AMD also clarified that Zen 4 processors would have >25% performance-per-watt and >35% overall performance improvements. The company says the Zen 4 chips will also have significant clock frequency improvements, which isn’t surprising given that it has already demoed a Ryzen 7000 processor running at 5.5 GHz on all cores (albeit not with all cores under load). Zen 4 will also have up to a 25% increase in memory bandwidth per core. AMD also made several other announcements today, which you can find listed at the end of the article.
AMD’s Zen 4 disclosures today help clarify the company’s performance targets after the initial reveal. AMD’s original projections of a >15% improvement in single-threaded work led to some consternation because single-threaded performance comes as a combination of both frequency and the all-important IPC (instruction per cycle) throughput, and the relatively low single-threaded performance threshold didn’t seem to leave much room for IPC improvement. However, AMD’s clarification that the IPC gain will range from 8 to 10%, dependent upon workload, is a bit more encouraging.
Whip in the company’s claims of significant frequency improvements for the 5nm Zen 4 processors, and we should see much larger gains than the baseline 15% gain in single-threaded performance in some types of workloads — remember, >15% is a “greater than” value.
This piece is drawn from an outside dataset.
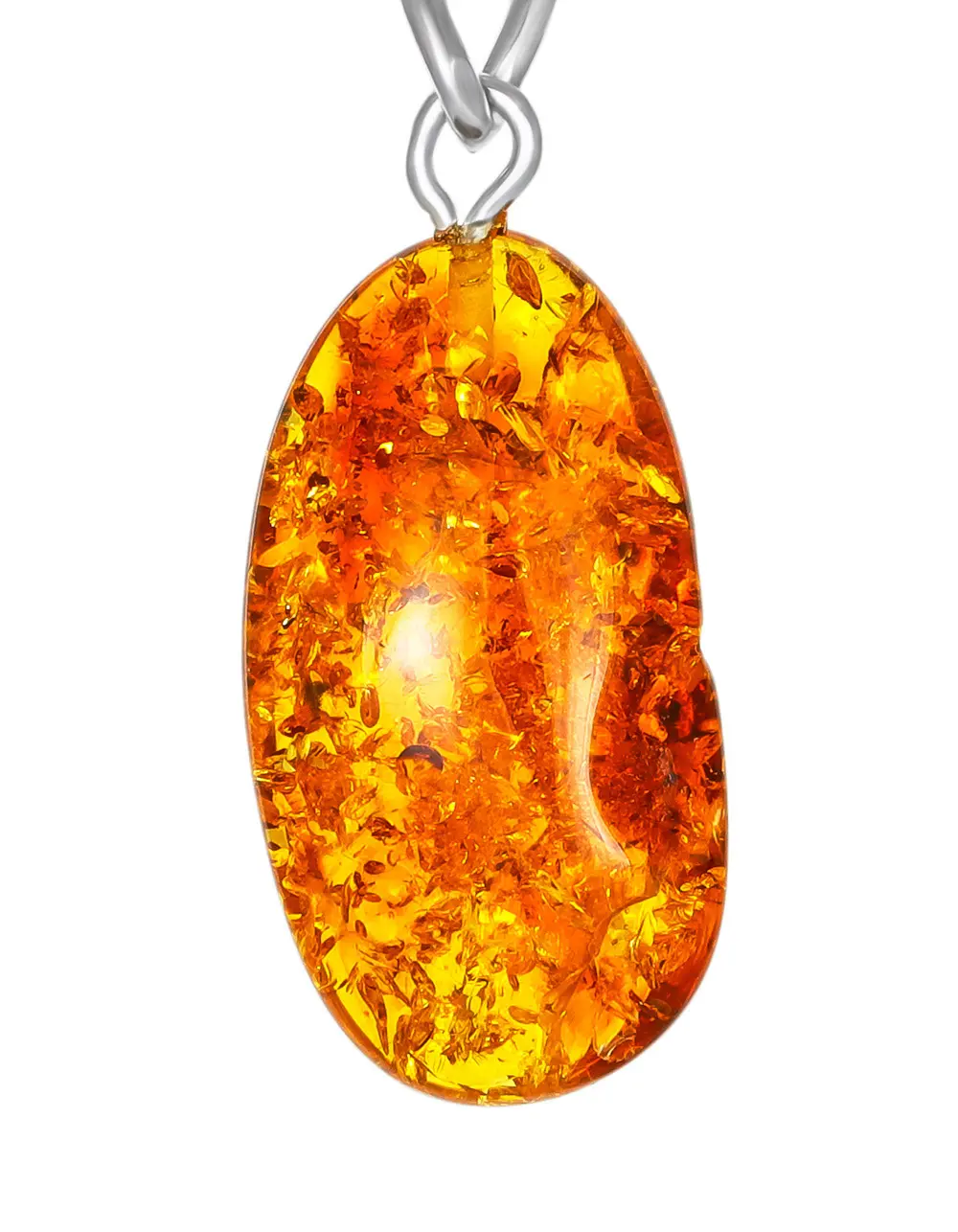 картинка Брелок с кусочком текстурного золотистого янтаря в онлайн магазине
AMD also shared a slide showing a greater than 25% performance-per-watt and greater than 35% gain in overall performance in a multi-threaded Cinebench benchmark. This benchmark used a 16-core 32-thread Ryzen 7000 desktop PC processor against the 16-core Zen 3 Ryzen 9 5950X. The slide is a bit misleading as it uses a non-zero axis that amplifies the gain, so keep that in mind.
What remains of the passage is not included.